Data Plane Runtime have the worker threads which handles the actual user traffic. This is the high-performance low-latency multi-thread Tokio runtime route to handle users requests which includes accepting incoming client connections, processing request headers/data, applying policies (load balancing, retries, timeouts, security), establishing outgoing connections to upstream services (this is where the "connection pool" comes in), forwarding data between client and server.

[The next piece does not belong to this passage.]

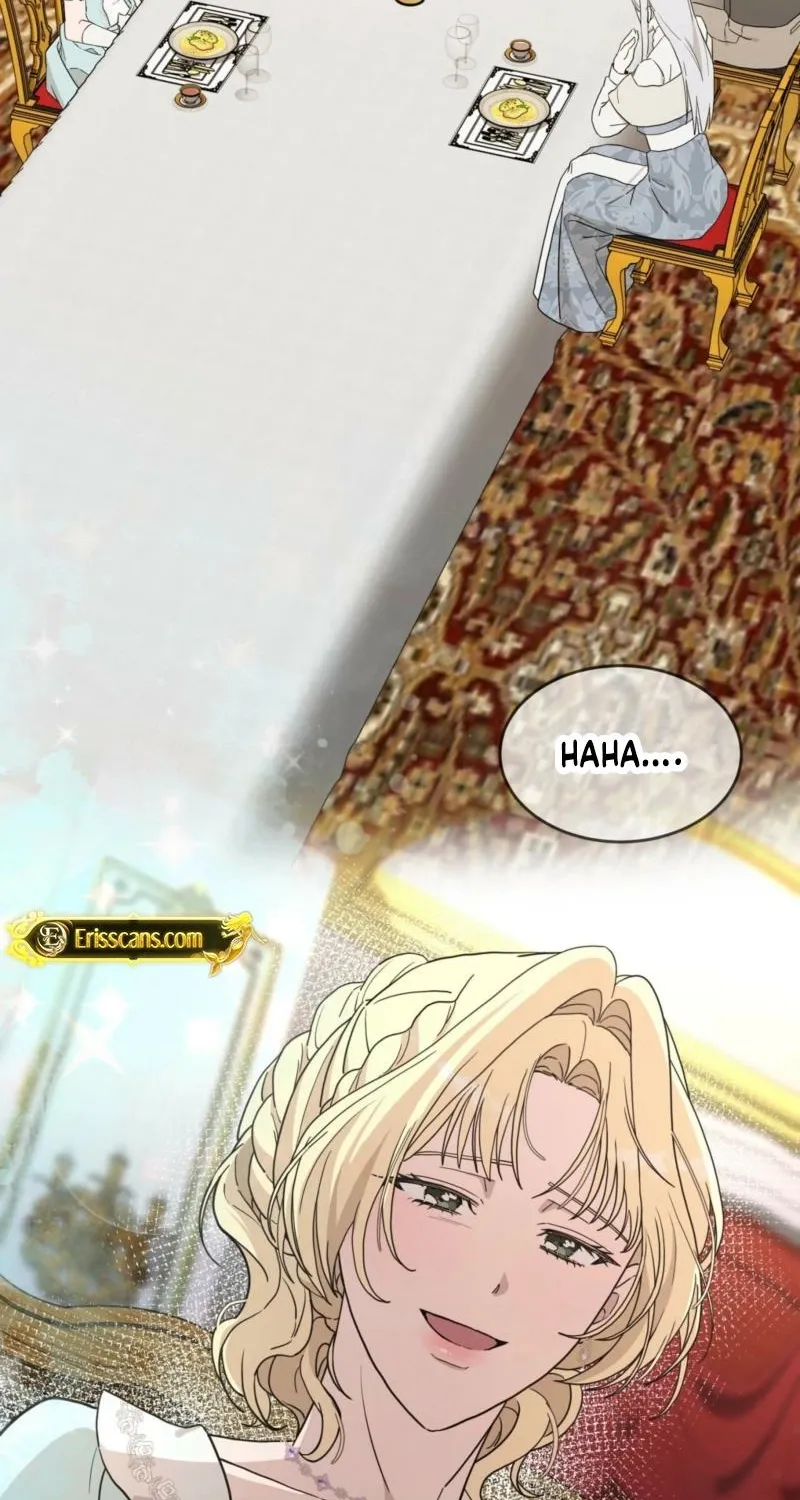 The Couple Hides Their Tastes Chapter 9 page 47 -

The worker thread count (defaults to 2) is configurable based on the expected load and available hardware resources, common starting point often being the number of CPU cores spreading the load of encrypting/decrypting traffic, parsing, and other request processing tasks across multiple CPU cores. Tokio's multi-threaded runtime can efficiently manage many concurrent connections across a few OS threads by leveraging non-blocking I/O. This allows ztunnel to handle a high volume of requests simultaneously.
Ideally, these two runtimes operate largely independently. This separation is a robust design. The admin runtime can be busy fetching a large xDS update, or even hang momentarily, without directly stalling the forwarding of packets on the worker threads.
The connection pool is managed by worker threads. When establishing connection it consults the current configuration (provided by the admin runtime) to know where to connect, thus this configuration needs to be made available to the worker threads in a thread-safe way, done using mpsc channel.
Conclusion
I urge folks who are interested to go through the ztunnel codebase and contribute to the project, its really well designed, and too big to cover in a single blog. A lot of things to learn from the codebase.
Don't forget to Star it as well! Though I have covered a lot of technical aspects in here.
Grateful
I am more than grateful to the wonderful folks at Solo.io who mentored me - Ian Rudie, John Howard, Ben Leggett and Faseela K. Forever grateful to them for volunteering their time and effort.